▶ EXTRACTED ENTRIES

____________

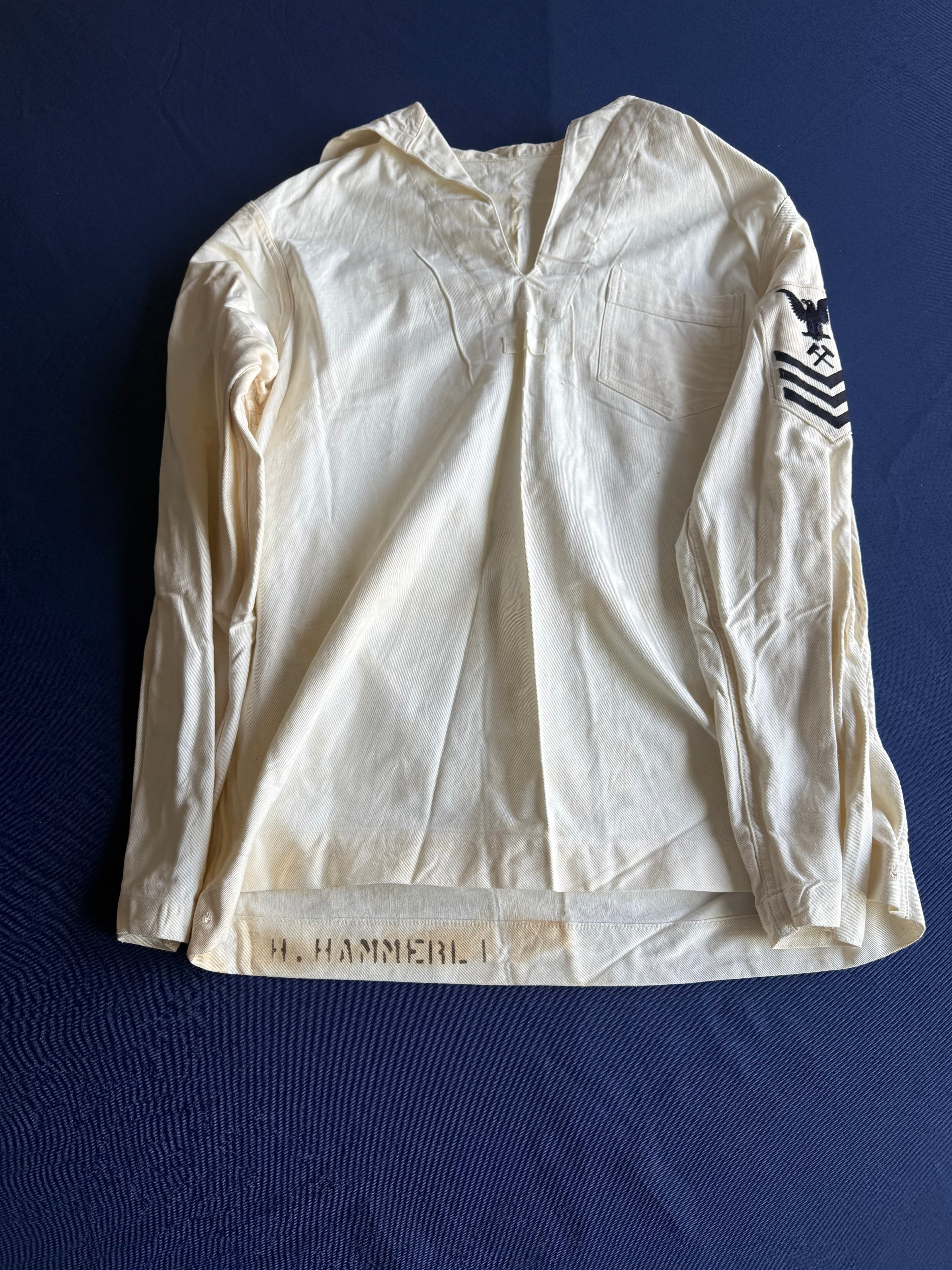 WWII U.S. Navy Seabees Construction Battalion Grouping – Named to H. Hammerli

____________

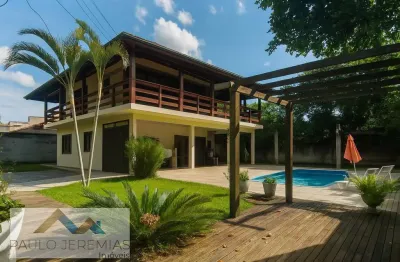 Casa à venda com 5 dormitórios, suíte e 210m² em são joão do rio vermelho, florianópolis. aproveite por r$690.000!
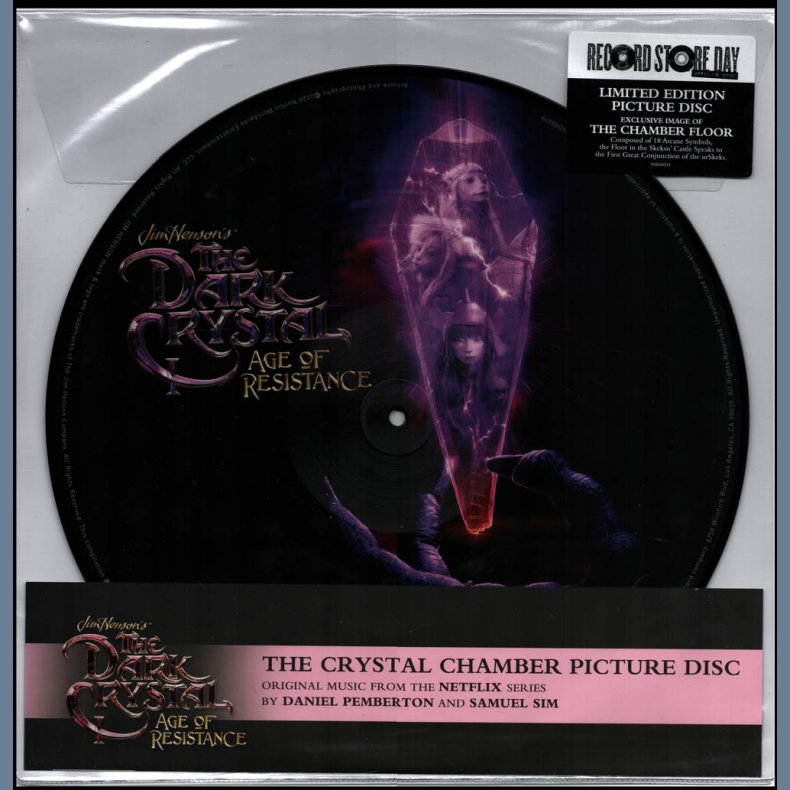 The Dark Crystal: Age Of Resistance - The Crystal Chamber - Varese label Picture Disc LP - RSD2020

____________

▶ WORK INSTRUCTIONS
The lines above from the line with "Casa à venda" through the line with "The Dark Crystal: Age" are to be given again word for word, with no pictures among them.

▶ FINAL ANSWER
 Casa à venda com 5 dormitórios, suíte e 210m² em são joão do rio vermelho, florianópolis. aproveite por r$690.000!
 The Dark Crystal: Age Of Resistance - The Crystal Chamber - Varese label Picture Disc LP - RSD2020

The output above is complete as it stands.